I’m not sure if it’s related to the guilt you are holding, but I sense that you can be too hard on yourself. Blaming yourself for your predicament, and not allowing yourself to overcome your guilt. This has led to you feeling that you haven’t changed and developed. And even worse, that there is no point to it. Another very powerful tool I suggest you can use is Love. Love yourself in all aspects! Tell yourself that you deserve happiness, health, prosperity, stability, harmony, etc.
You have blamed yourself for something you consider a serious sin. Does it mean you can’t move forward anymore? You are working towards bettering yourself, studying for a Phd, and working full-time to support yourself and possibly others. As you work hard to improve yourself in those areas, why not also be open to look inside to forgive and love yourself?

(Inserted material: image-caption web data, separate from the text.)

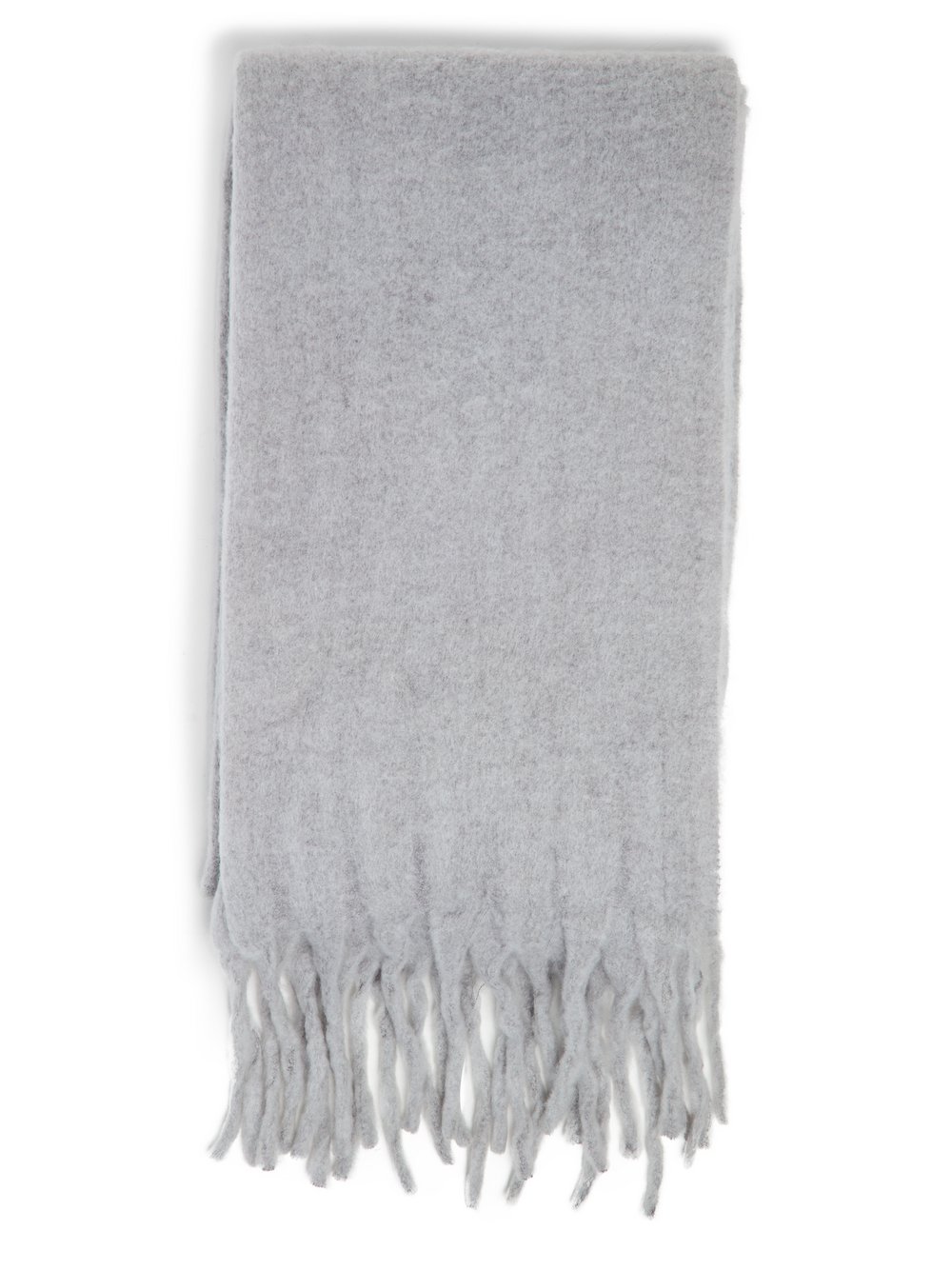 american vintage Schal Damen grau meliert, ONE SIZE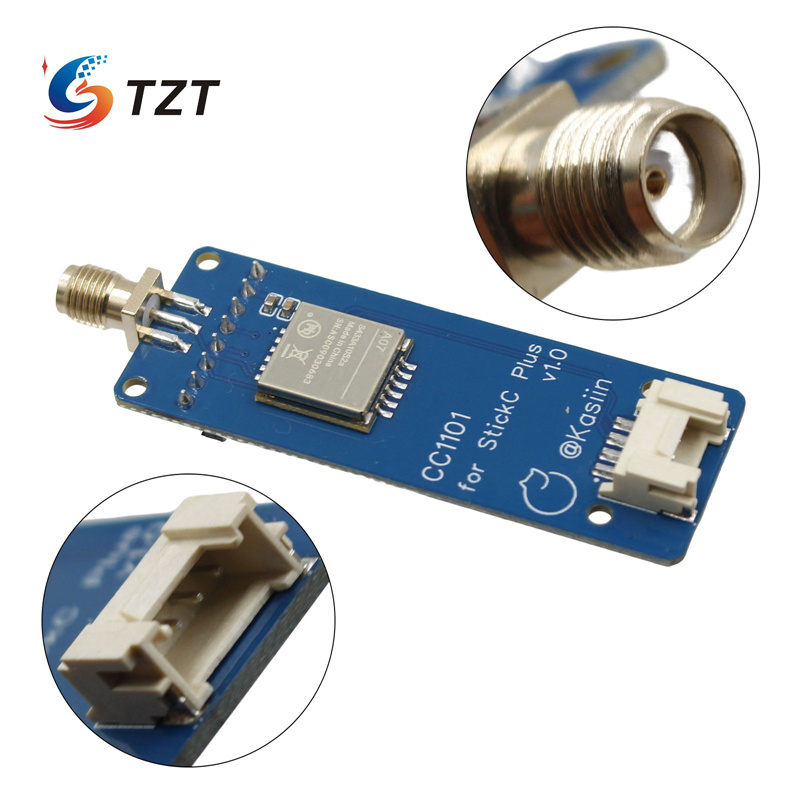 TZT M5Stack StickC Plus2 CC110 - đánh giá và giá Rf 433Mhz Module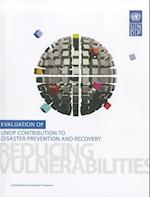 Evaluation of Undp Contribution to Disaster Prevention and Recovery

To answer the 3 questions you asked in the second paragraph, for the first, I think you have more than accepted the consequences, since you have been punishing yourself for years. You have been judge, jury and jailer. Metaphorically, don’t you think you have done your time?
The last question you posed: “having the right relationship with God”, that will require a separate post. I will provide a follow-up post on my thoughts to that question and Point 1 (in common themes) as I believe there are inter-related.
And lastly, regarding my suggestions, throw away what you don’t think is useful, keep what resonates. Let me know your thoughts.